En el medio aparecieron Barba Jacob: el mensajero (1984) y Almas en pena, chapolas negras, la biografía de José Asunción Silva. Y en la década de los noventa llegaron La virgen de los sicarios, adaptada al cine por Barbet Schroeder con guion de Vallejo, y El desbarrancadero, que le mereció el premio Rómulo Gallegos. Probablemente sus dos mejores novelas, las dos inmensamente transgresoras en cuanto a sus propuestas estéticas.
“La transgresión no solo atraviesa la obra de Vallejo, sino que la define, la distingue y la hace única (...) Sus autoficciones aniquilan tabúes sexuales y sociales, pero provocan a la vez oposiciones tajantes con su visión de la realidad nacional. Es por eso que la escritura debe entenderse en Vallejo como el arte de nadar contra la corriente sin dejarse consumir por el oleaje”, dice Néstor Salamanca-León en una tesis que circula en internet.

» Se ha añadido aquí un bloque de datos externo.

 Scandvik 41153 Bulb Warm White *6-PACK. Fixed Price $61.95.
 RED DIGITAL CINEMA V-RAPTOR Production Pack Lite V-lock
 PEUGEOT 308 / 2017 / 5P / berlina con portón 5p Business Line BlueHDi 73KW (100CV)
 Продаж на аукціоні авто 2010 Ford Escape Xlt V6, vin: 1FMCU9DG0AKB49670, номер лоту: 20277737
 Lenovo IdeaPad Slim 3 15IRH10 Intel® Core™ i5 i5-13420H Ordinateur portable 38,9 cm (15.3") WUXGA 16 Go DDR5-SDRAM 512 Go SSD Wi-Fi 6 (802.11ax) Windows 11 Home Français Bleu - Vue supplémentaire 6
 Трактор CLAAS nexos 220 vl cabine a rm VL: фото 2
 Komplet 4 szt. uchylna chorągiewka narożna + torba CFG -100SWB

Como autor, Vallejo ha explorado diversos temas, a través del ensayo, la biografía y la novela de ficción y de corte testimonial. Su obra, una de las más particulares de la literatura nacional y, dicho sea de paso, de las más interesantes en lengua castellana durante los últimos años, le ha permitido trazarse un camino entre los más grandes escritores del último tiempo.
La totalidad de sus títulos son completados por La rambla paralela (2002), La tautología darwinista y otros ensayos (2002), Mi hermano el alcalde (2004), Manualito de imposturología física (2005), La puta de Babilonia (2007), El don de la vida (2010), Casablanca la bella (2013), Peroratas (2013), ¡Llegaron! (2015), Las bolas de Cavendish (2017), Memorias de un hijueputa (2019), y Escombros (2021).

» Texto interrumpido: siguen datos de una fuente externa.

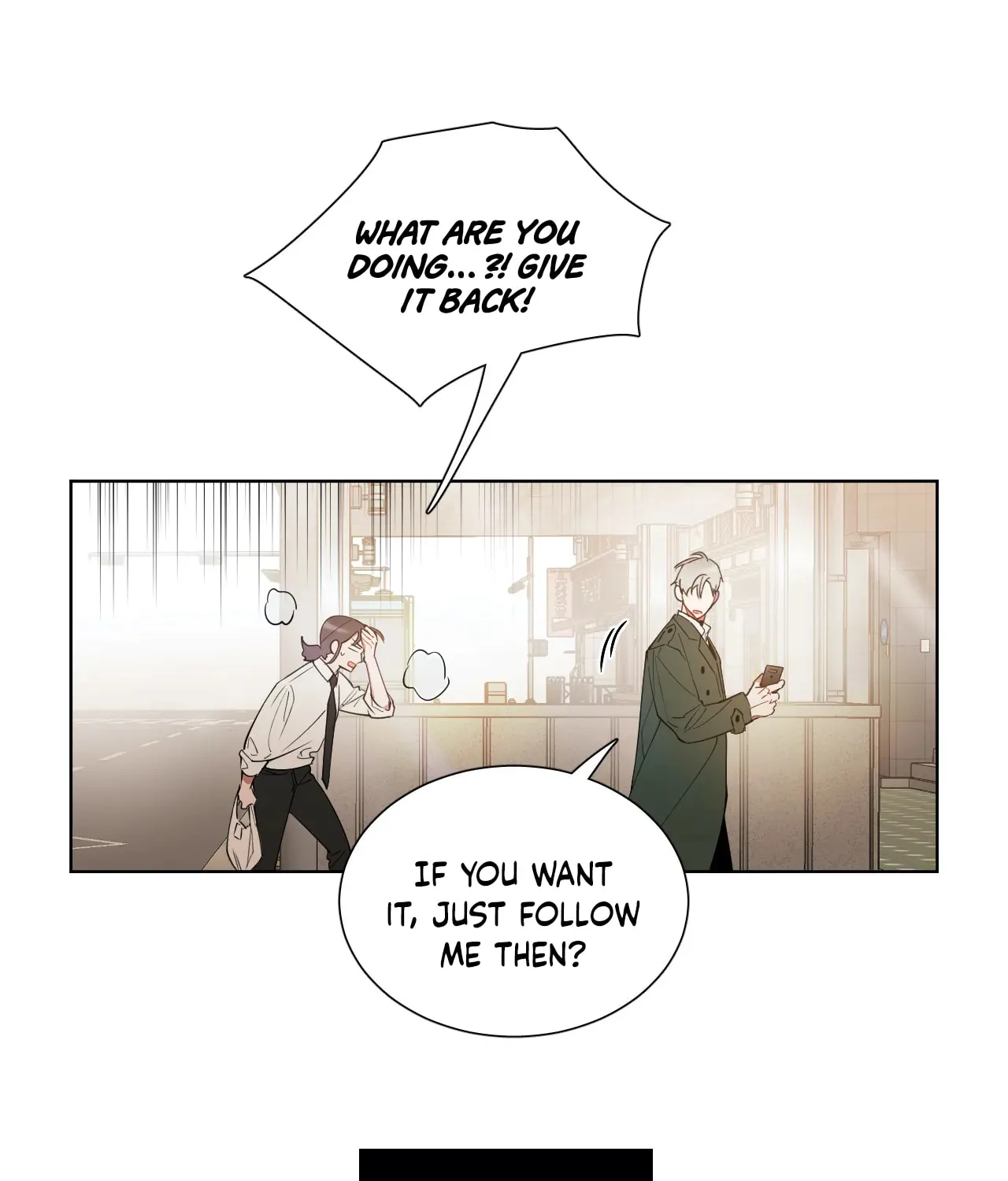 Read How to Use an Angel chapter 7 image 53 on Lezhin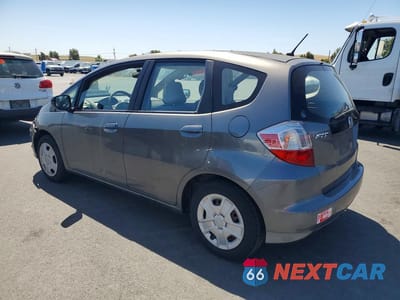 Drugie zdjęcie samochodu z przodu: 2012 HONDA FIT VIN:JHMGE8H3XCC000473 - miniatura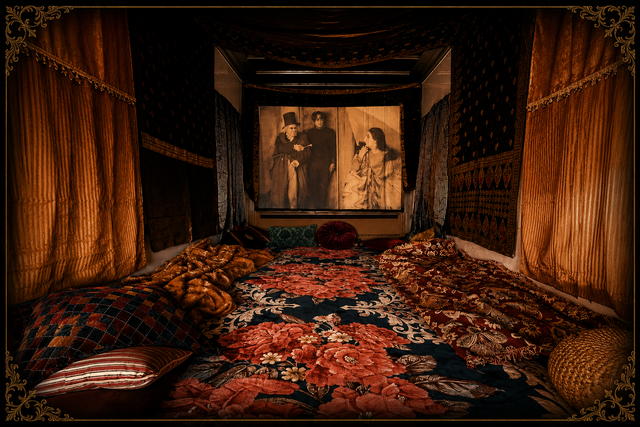 The Cinematorium Experience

Dice no creer en el amor, pero sus lectores lo aman. Dice no gustarle la prensa, pero los periodistas lo adoran. Dice no creer en Dios, pero para el que lo lee, sus libros son una religión. Fernando Vallejo es todo lo que un escritor esperaría ser, y todo lo que un lector llega a imaginar que pueda ser.
“Cada libro suyo es un temblor”, ha dicho el periodista Winston Manrique, y sí que lo son, pero solo por el hecho de que su propia vida lo es. Una que ha sabido contar muy bien a través de su pluma hostil, pues todo él es transgresión.
Aún así, el gran ogro de las letras colombianas esconde también un anfitrión esmerado, ha dicho el periodista Juan Diego Quesada, y es que por más mala fama que se haya hecho el escritor, debido a sus comentarios y a sus posturas radicales, Fernando Vallejo es un tipo magnífico. No por nada lo celebran cual estrella de rock en las ferias del libro, y quienes hoy se lo encuentran por las calles del barrio Laureles, con Brusca, a merced del sol de la ciudad primaveral, lo saludan con sonrisas y abrazos. Claro, no es un tipo que te busque la cara para saludarte, pero si le saludas, responde amable. No hay que llamarle nunca “maestro”, aunque lo sea. Él prefiere su nombre: Fernando.
Ojalá, pues, que haya Fernando para rato, y otros diecisiete libros para seguir leyéndolo en esta vida y en las otras. Felices ochenta, destructor.